RECORDS PROVIDED:
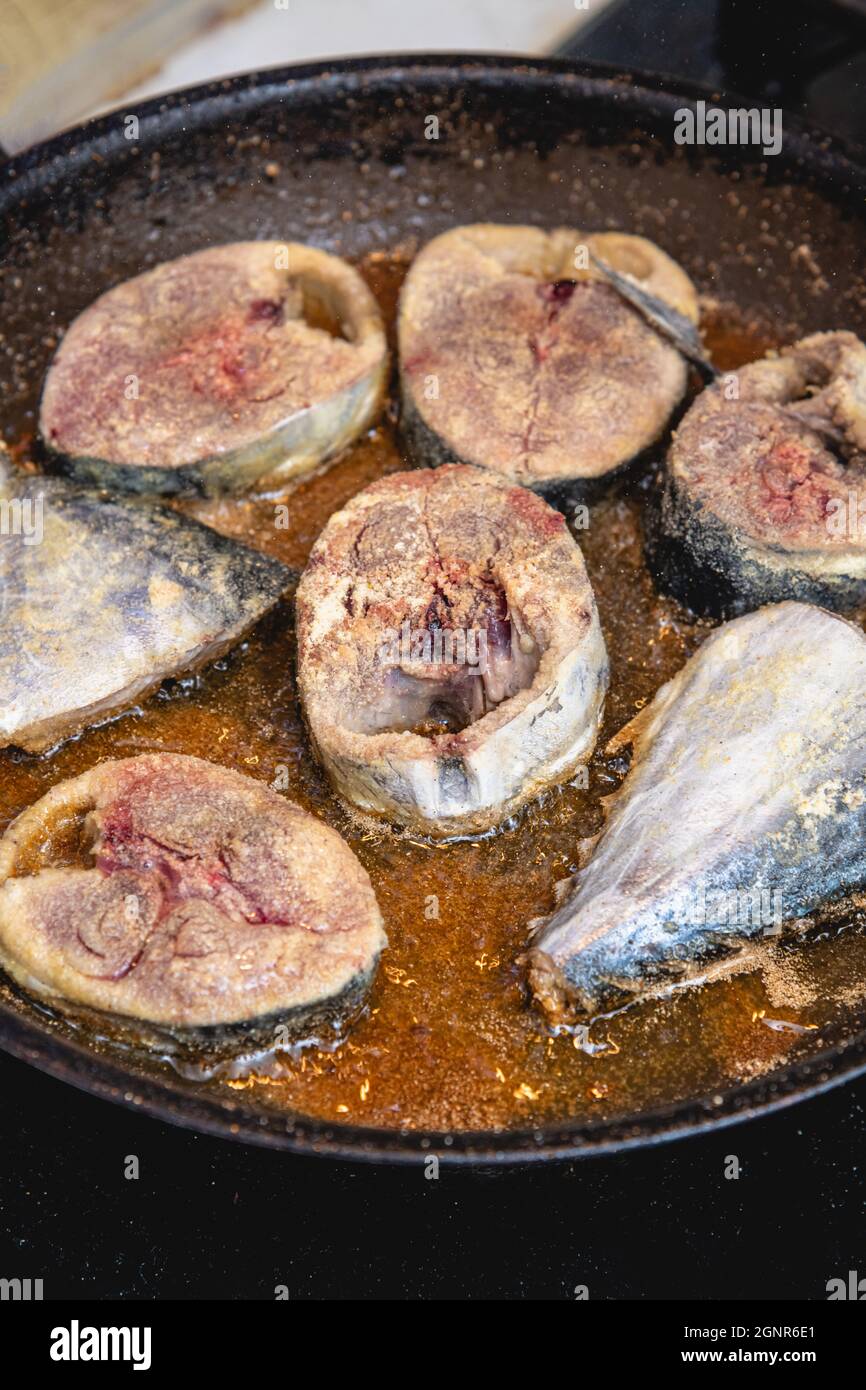 Émincé de poisson frais de bonito frit dans une poêle noire. Mise au point  sélective Photo Stock - Alamy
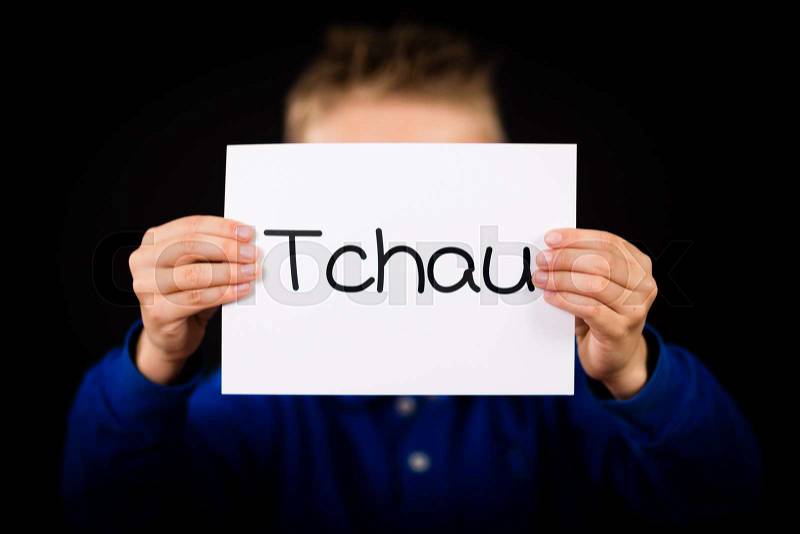 Studio shot of child holding a sign with Portuguese word Tchau - See You Later, stock photo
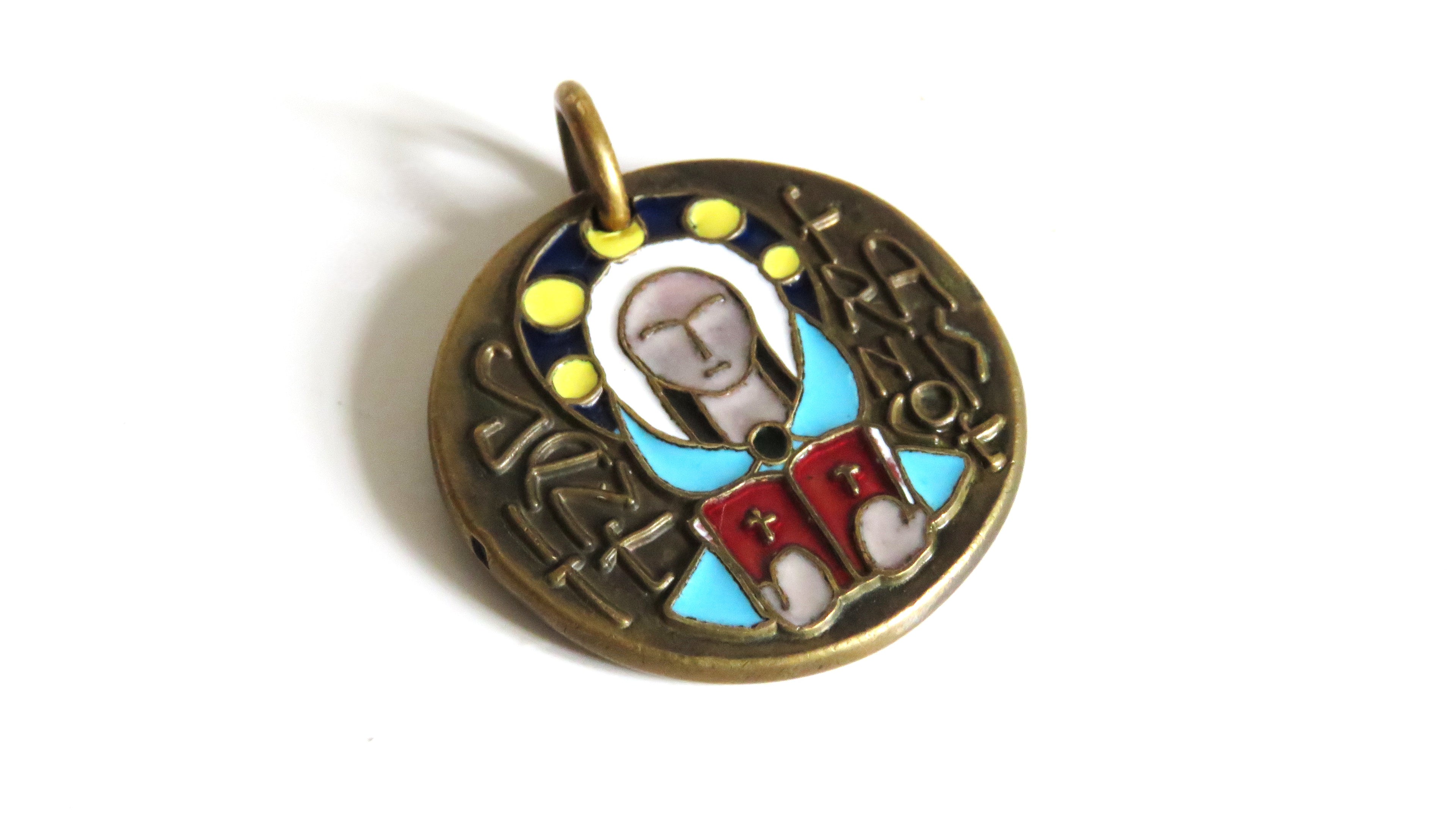 A round antique-style metal pendant with an embossed figure and colorful enamel details in blue, red, yellow, and white, set against a plain white background.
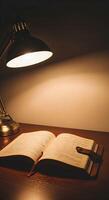 An open book and a lamp on a desk photo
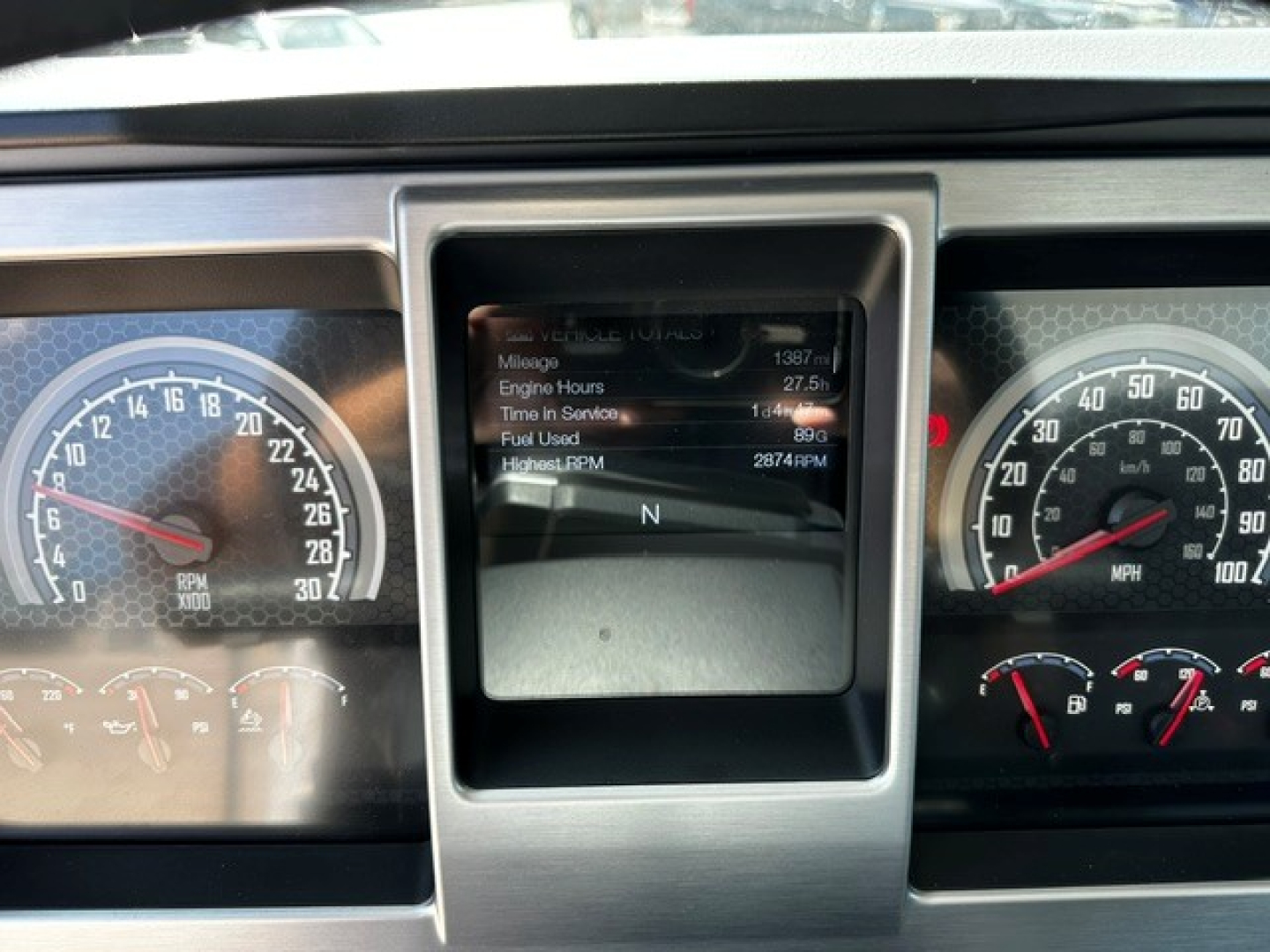 Dashboard of a 2027 Mack MD6 cab showing instrument clusters and a central display with mileage and engine hours readable text.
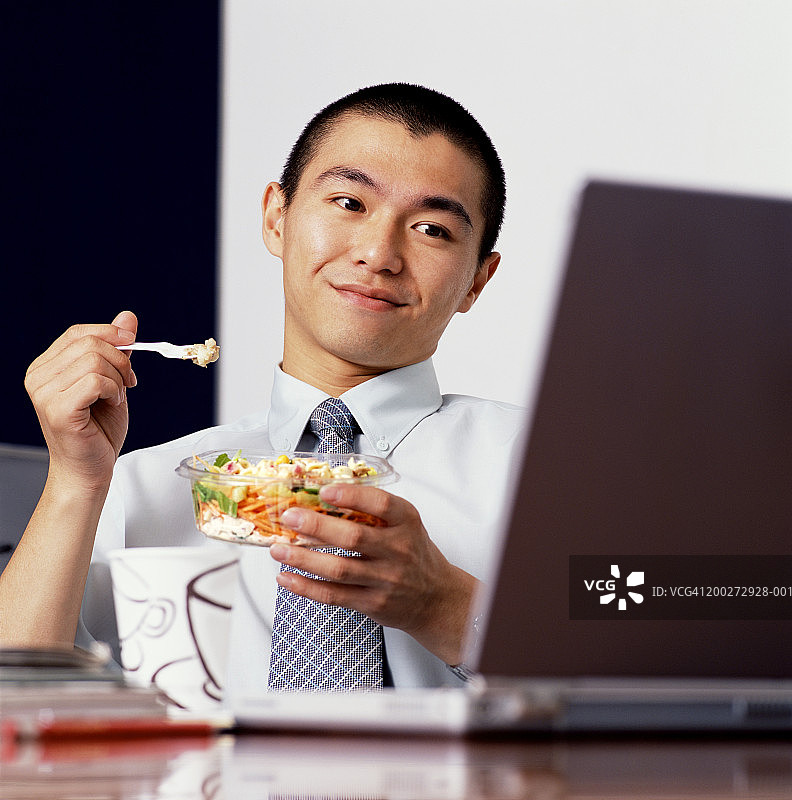 年轻的商人坐在办公桌前吃午饭，看着笔记本电脑图片素材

YOUR TASK: Copy out, unchanged, the span of lines beginning with the one that includes "An open book and a lamp on a desk photo" and running through the final line of the material above. Leave the pictures out.

RESPONSE BOX:
 An open book and a lamp on a desk photo
 Dashboard of a 2027 Mack MD6 cab showing instrument clusters and a central display with mileage and engine hours readable text.
 年轻的商人坐在办公桌前吃午饭，看着笔记本电脑图片素材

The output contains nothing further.